Best new song by someone I should probably be paying more attention to: Follow Your Arrow, Kacey Musgraves

(I couldn’t find a proper video of her performance, but it’s probably better without the lampshade dress anyway.)

Most meaningful song: Same Love, Mackelmore and Ryan Lewis featuring Mary Lambert

Best live performance: P!nk, literally anything she performs

Best song: All Too Well, Taylor Swift

Best album: The Blessed Unrest, Sara Bareilles

I hope those of you who watched enjoyed the performances. There are some truly amazing talents out there.

Cousinly Love

•01/25/2014 • Leave a Comment

Today, I did not have the energy – physical or emotional – do anything I had planned to do with my Saturday. I, instead, had every intention of staying in bed until Sunday, and hope my mood would change. Then my cousin texted me.

He lives in New Jersey now, and was driving into Manhattan for a bit, and wanted to know if I wanted to see a movie with him. And at that moment, I was so sure, that him asking me to hang out was the only thing that could have gotten me out of bed today.

And I’m so glad I did. We didn’t even do anything spectacular or mind-blowing. We just hung out. We had a few drinks, grabbed dinner, went to see a movie. The movie wasn’t even anything to write home about. We saw Ride Along, and it was funny and all, but it was kind of just like paying to sit somewhere different from where we had been sitting previously. But it was just nice to be with him. He’s eleven months younger than me, so we’ve been best friends for as long as I can remember. He’s always been able to make me laugh, and he gives amazing hugs.

And today, I really needed to laugh, and I really needed an amazing hug.

I love it when the universe throws out a life preserver when it can see that you’re starting to sink.

Strangers Aren’t Always Strange

•01/23/2014 • Leave a Comment

“Don’t talk to strangers.”

They tell you that as soon as you’re big enough to toddle off on your own. Don’t wander off, don’t go anywhere with anyone you don’t know, and DON’T TALK TO STRANGERS.

Then you graduate college. You wander off to a new city, go to work in a place with a bunch of people you don’t know, and LIVE WITH TOTAL STRANGERS. Live with them! In your home where you sleep!

Okay maybe this isn’t how it works everywhere. Maybe it’s uniquely New York. But sometimes I’ll be telling someone about the girls I lived with my first year out of college, and how two of them I think I saw three times each the year I lived there and that I definitely couldn’t pick them out of a lineup, and realize that it’s actually kind of a really weird thing. It didn’t feel all that weird at the time – and honestly, doesn’t feel weird now. But I feel like it should feel weird. It kind of goes against everything they taught us.

For example, in September, my roommate of three years (a friend from undergrad, not a stranger) moved out to live with her boyfriend, and a stranger moved in. She was a friend of a friend of a friend, so I had it on somewhat good authority that she wasn’t a serial killer, but I had spent all of five minutes in her presence, when she came to see the apartment, before we were living together. (Insert lesbian U-Hauling joke here.)

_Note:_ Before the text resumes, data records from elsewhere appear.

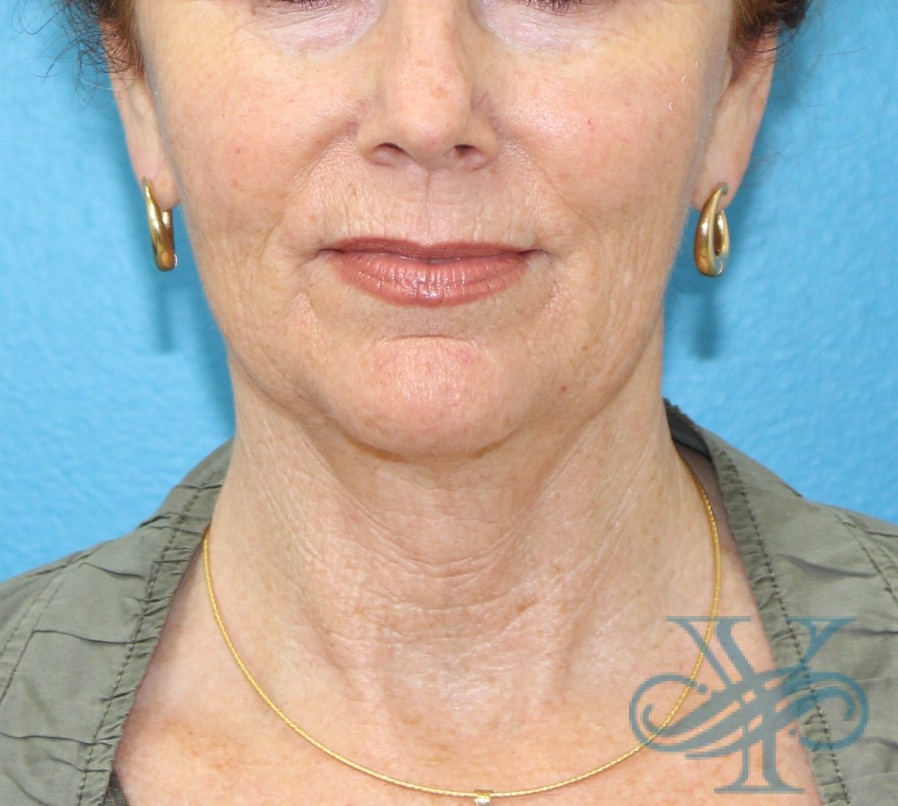 Before facelift and necklift Dr. Yegiyants, Santa Barbara, CA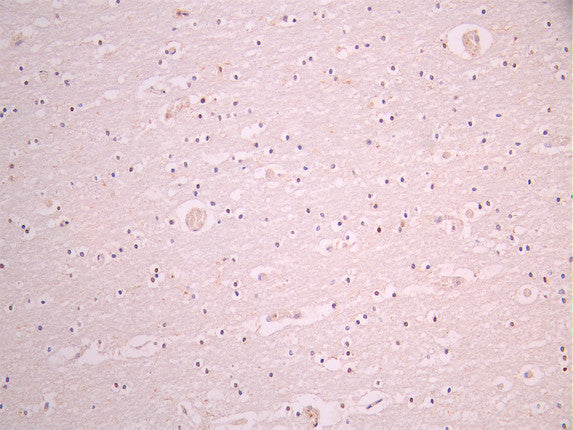 IHC image of CSB-RA949479A0HU diluted at 1:100 and staining in paraffin-embedded human brain tissue performed on a Leica BondTM system. After dewaxing and hydration, antigen retrieval was mediated by high pressure in a citrate buffer (pH 6.0). Section was blocked with 10% normal goat serum 30min at RT. Then primary antibody (1% BSA) was incubated at 4°C overnight. The primary is detected by a Goat anti-rabbit polymer IgG labeled by HRP and visualized using 0.05% DAB.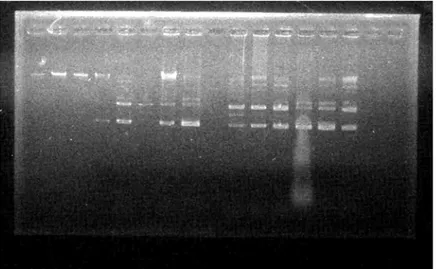 Gambar 4. Hasil elusi isolasi DNA Plasmid 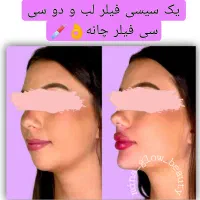 آموزش  و ارائه  ژل و بوتاکس و مزو|خدمات آموزشی|شیراز, سینما سعدی|دیوار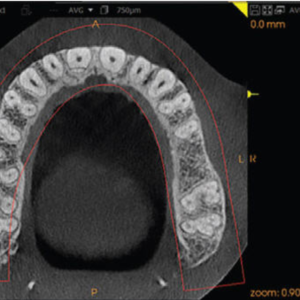 ICAT Next Gen 2D 3D CBCT Pan, 23x17 FOV avec PC, Garantie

ALSO she came equipped with a part-time-live-in boyfriend! They could have tag-team serial killed me!

But in New York, when you need someone to split the rent, you kind of take it on their word that they’re not going to cannibalize you or start dealing black market organs from your common living space. Sometimes it might not work out, but sometimes you find yourself feeling awfully lucky that the universe decided to cross your paths.

Five months ago, I didn’t know my roommate from a whole in the wall. Last night, I spent the evening drinking wine with her and feeling so totally comfortable it was as though we’d known each other for years. But with the added bonus of having endless options of conversation topics, since we haven’t had all that many chances to sit down and get to know each other one on one.

So maybe living with total strangers is totally strange. But maybe totally strange isn’t all that bad.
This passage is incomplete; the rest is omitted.